The stepladder finals were broadcast live at BowlTV provided wire-to-wire livestream coverage of the 2019 event.

At the 2018 Senior Queens, also held at Gold Coast, Naccarato advanced to the title match but lost to fellow hall of famer Tish Johnson of Colorado Springs, Colorado, in the finals, 267-191.

This year, Naccarato secured the top seed and left little doubt in the finals, delivering strikes on seven of her first eight deliveries on her way to the title. Booth, who started the championship round with three consecutive strikes, only was able to record one more strike in the game.

Naccarato, a 61-year-old right-hander, moved closer to the outside portion of the lane on this week's 40-foot oil pattern as the rounds of competition continued at Gold Coast, which played into her strengths.

"During qualifying, the lanes were very touchy and the scores reflected that," said Naccarato, who's also a Professional Women's Bowling Association Hall of Fame member. "As the days progressed, the lanes kept getting tighter, so I just kept inching my way out there. In practice, I always try to throw some shots outside, and I thought I may have found something. I found a couple of balls that reacted really well, and I've always been pretty sharp playing outside."

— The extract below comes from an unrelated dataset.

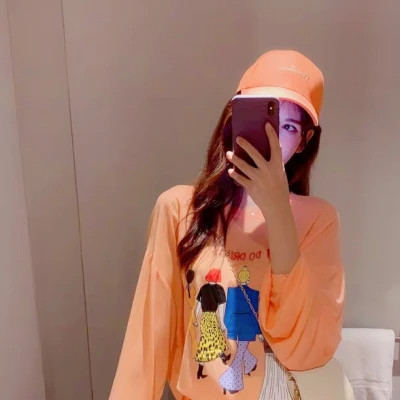 美女戴帽子图片头像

Naccarato, a 10-time champion on the PWBA Tour, had several close calls at the USBC Queens, including four trips to the stepladder finals and a runner-up finish at the 1991 event.

Her win at the 2019 Senior Queens gave her the opportunity to realize one of her dreams.

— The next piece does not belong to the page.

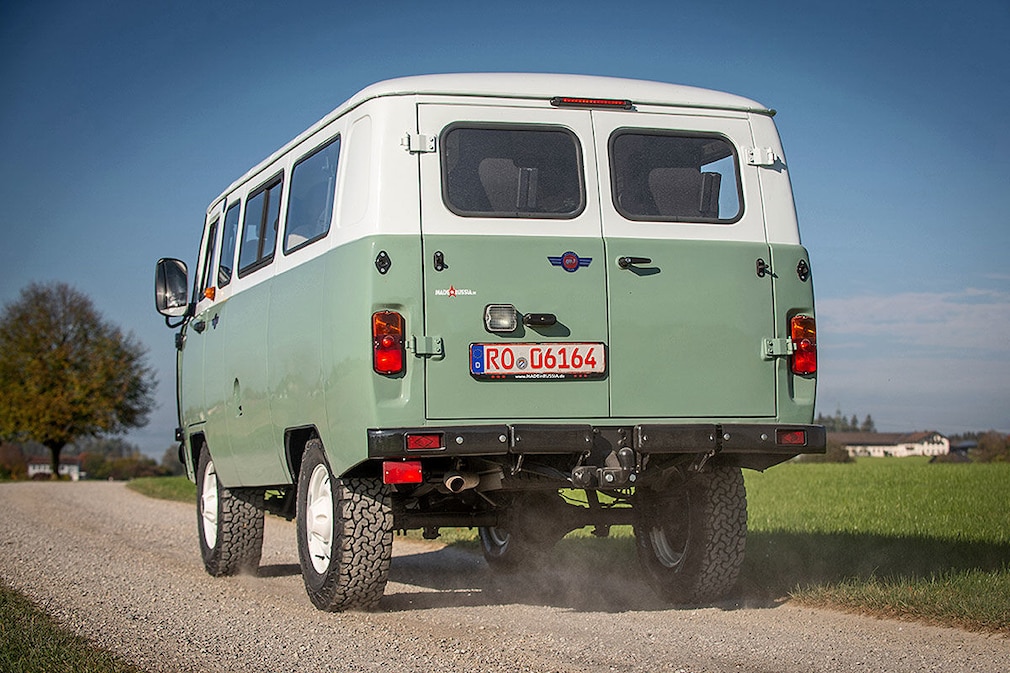 UAZ 452 Buchanka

"This means the world to me," Naccarato said. "I was never able to win the Queens. I finished second, third, fourth, you name it. To be able to win it this week with so many great competitors really means everything."

Naccarato went undefeated in match play to earn the top seed and clinched her spot in the stepladder by defeating Booth, 640-599. With the tournament's true double-elimination format, Booth would have needed to defeat Naccarato twice to claim the title.

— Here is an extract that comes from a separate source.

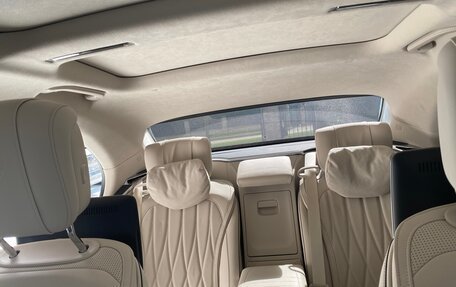 Mercedes-Benz S-Класс, 2024 год, 24 000 000 рублей, 5 фотография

Booth bested Laura Hardeman of Chula Vista, California, to move onto the championship round, 201-171. Hardeman was the top qualifier at the 2019 event, averaging more than 206 through Saturday's and Sunday's qualifying rounds.

Hardeman advanced to the semifinals by defeating Johnson, 197-169. Johnson was looking to join fellow hall of famer and three-time Senior Queens champion Robin Romeo of Newhall, California, as the only player to successfully defend a title at the event.

Since 2012, Johnson has advanced to the stepladder finals seven times at the Senior Queens. In addition to her win in 2018, she had four consecutive runner-up finishes from 2013-2016 and a fourth-place finish in 2012.

Hardeman survived a 10th-frame open to win Monday's opening match against Debbie Ayers of La Mesa, California, 182-174. Ayers needed to deliver a double in her final frame to advance but left a 6-10 combination on her first attempt.

A four-player shootout round determined the No. 3, No. 4 and No. 5 seeds for the stepladder. Johnson paced the group with a 638 series to earn the No. 3 seed. Hardeman was next with 596, while Ayers grabbed the final spot with a 586 total. Linda Walbaum of Brighton, Colorado, was eliminated in sixth place with a 562 series.

The 2019 Senior Queens welcomed 84 of the top female players age 50 and older to Gold Coast this week. All competitors bowled 15 games of qualifying over two days to determine the 31 players joining Johnson in match play.

Bracket play consisted of three-game matches leading up to the stepladder finals, with total pinfall determining who advanced.